The report has many authors, some of whom maybe much less concerned or think the whole thing is silly. I never claimed that Bengio and Hinton's views were a consensus, and in any case, I was citing their views as evidence for taking the idea that AGI may arrive soon seriously, not their views on how risky AI is. I'm pretty sure I've seen them give relatively short time-lines when speaking individually, but I guess I could be misremembering. For what it's worth Yann LeCunn seems to think 10 years is about right, and Gary Marcus seems to think a guess of 10-20 years is reasonable: https://helentoner.substack.com/p/long-timelines-to-advanced-ai-have

[comment deleted]Jan 122

Deleted by David Mathers🔸, 01/12/2026

Reason: Posted in response to the wrong comment in the thread

David Mathers🔸Jan 94

It seems like if you find it incredible to deny and he doesn't, it's very hard to make further progress :( I'm on your side about the chance being over 1% in the next decade, I think, but I don't know how I'd prove it to a skeptic, except to gesture and say that capabilities have improved loads in a short time, and it doesn't seem like the are >20 similar sized jumps before AGI. But when I ask myself what evidence I have for "there are not >20 similar sized jumps before AGI" I come up short.
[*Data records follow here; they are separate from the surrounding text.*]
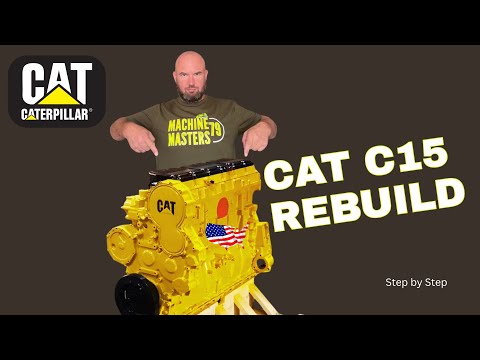 Caterpillar C15 BXS – Full Engine Rebuild Step by Step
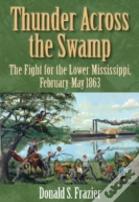 Thunder Across The Swamp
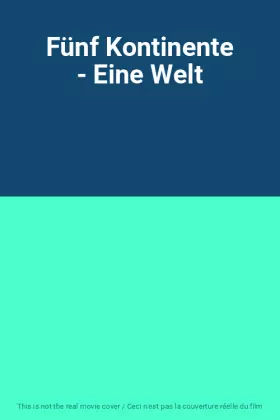 Couverture du produit · Fünf Kontinente - Eine Welt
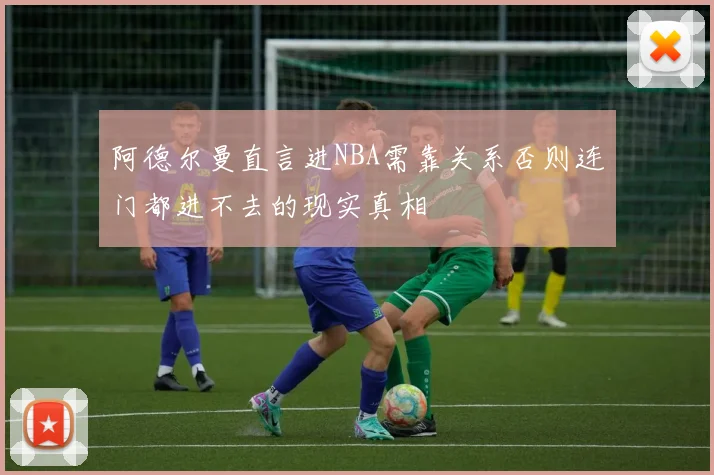 阿德尔曼直言进NBA需靠关系否则连门都进不去的现实真相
I don't necessarily think the burden of proof here is actually on people arguing that the chance of AGI in the next decade is non-negligible though: it's a goal of some serious people within the relevant science, and they are not making zero progress, and some identifiable quantifiable individual capabilities have improved very fast. Plus the extreme difficulty of forecasting technological breakthroughs over more than a couple of years cuts both ways.

Vasco Grilo🔸Jan 87

Thanks for crossposting this, Richard!

The stakes surrounding ASI are extremely high, to the point that we can’t be confident that humanity would long survive this development

I guess the risk of human extinction over the next 10 years is 10^-7, and I am not aware of any quantitative empirical modelling suggesting otherwise. I do not think that is high enough to justify your conclusion that "AI risk warrants urgent further investigation and precautionary measures", even accounting for longterm effects. I very much agree there should be some investigation and precautionary measures, but I do not consider this "urgent" at the margin.